Much to my chagrin, even someplace this remote hasn't been able to avoid being tainted by the most wretched, miserable, bland, horrible, boring, ridiculously stupid excuse for a sport the world has seen; even up here, they still have golf.
IS NO PLACE SAFE FROM THIS SCOURGE OF THE SPORTING WORLD!? |
I hadn't planned on spending much time in the town; ride in, grab some stickers, get gas and ride out. I had a schedule to keep, and all. But my schedule didn't account for the girl working at the tourist info center to be one of the most beautiful women that I've ever seen.
And I don't mean the usual levels of "Oh, she's really pretty." Many of my friends are professional models and I've done some modeling myself, I'm used to being around exceedingly good looking people.

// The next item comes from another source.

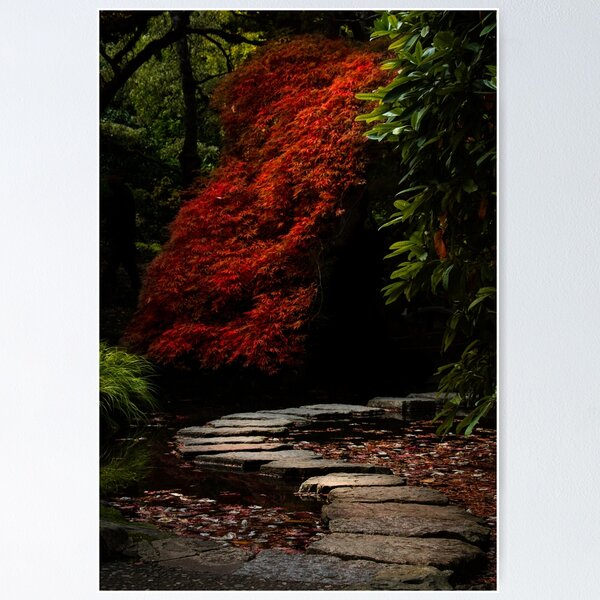 Item preview, Fall Japanese Maple Garden designed and sold by JenneRPhoto.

But this girl knocked me off my feet. Perhaps it's my well established weakness for tall, willowy redheads, or maybe it's all retrospective after she and I spent the entire rest of the day (and even another two hours after the center closed) immersed in conversation, but I can count the number of times I've met people like her on my fingers and still end up with a few left over. It was almost 10pm by the time we decided we had to tear our brains apart; emails addresses were exchanged as were promises to stay in touch.
I find it odd that I have to go to the literal ends of the earth to find people like that.